=== Begin Enclosure ===

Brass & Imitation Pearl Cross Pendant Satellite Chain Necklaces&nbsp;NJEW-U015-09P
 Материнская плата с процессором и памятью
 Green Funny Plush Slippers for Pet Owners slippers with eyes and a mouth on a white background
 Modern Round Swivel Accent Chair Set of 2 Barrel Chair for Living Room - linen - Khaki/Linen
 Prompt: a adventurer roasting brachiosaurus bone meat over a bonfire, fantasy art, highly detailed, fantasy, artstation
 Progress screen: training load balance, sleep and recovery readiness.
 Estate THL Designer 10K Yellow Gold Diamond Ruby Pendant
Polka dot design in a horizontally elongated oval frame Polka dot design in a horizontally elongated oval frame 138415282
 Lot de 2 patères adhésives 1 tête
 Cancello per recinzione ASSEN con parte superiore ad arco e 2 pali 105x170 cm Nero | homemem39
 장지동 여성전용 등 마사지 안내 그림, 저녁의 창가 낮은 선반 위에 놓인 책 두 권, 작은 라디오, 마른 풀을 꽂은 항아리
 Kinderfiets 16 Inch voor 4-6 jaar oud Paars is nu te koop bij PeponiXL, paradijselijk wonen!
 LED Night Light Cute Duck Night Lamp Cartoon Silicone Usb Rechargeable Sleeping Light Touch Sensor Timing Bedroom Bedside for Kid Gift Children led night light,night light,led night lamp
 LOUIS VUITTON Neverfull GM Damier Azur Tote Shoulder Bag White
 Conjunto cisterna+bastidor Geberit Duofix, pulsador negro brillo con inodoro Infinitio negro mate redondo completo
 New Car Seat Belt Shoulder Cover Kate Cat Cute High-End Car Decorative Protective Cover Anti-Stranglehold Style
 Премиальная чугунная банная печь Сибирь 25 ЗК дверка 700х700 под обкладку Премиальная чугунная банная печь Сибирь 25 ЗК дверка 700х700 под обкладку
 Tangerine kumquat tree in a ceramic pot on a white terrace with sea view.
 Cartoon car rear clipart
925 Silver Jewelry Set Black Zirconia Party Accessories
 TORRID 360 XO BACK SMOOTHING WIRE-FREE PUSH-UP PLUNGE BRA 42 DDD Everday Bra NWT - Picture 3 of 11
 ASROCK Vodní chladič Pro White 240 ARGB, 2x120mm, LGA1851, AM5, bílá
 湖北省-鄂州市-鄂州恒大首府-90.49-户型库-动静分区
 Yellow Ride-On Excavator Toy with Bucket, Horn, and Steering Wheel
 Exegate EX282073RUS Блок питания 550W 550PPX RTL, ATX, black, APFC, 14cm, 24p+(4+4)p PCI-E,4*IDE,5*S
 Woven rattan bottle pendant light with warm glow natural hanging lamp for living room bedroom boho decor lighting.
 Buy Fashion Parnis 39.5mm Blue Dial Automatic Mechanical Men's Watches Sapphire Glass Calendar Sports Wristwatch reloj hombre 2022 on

=== End Enclosure ===

→ PROBLEM TO SOLVE: Where the listing above reaches the line that contains "LED Night Light Cute", start retyping, and finish with the line that contains "LOUIS VUITTON Neverfull"; reproduce those lines exactly and no others.

→ PROBLEM SOLUTION:
 LED Night Light Cute Duck Night Lamp Cartoon Silicone Usb Rechargeable Sleeping Light Touch Sensor Timing Bedroom Bedside for Kid Gift Children led night light,night light,led night lamp
 LOUIS VUITTON Neverfull GM Damier Azur Tote Shoulder Bag White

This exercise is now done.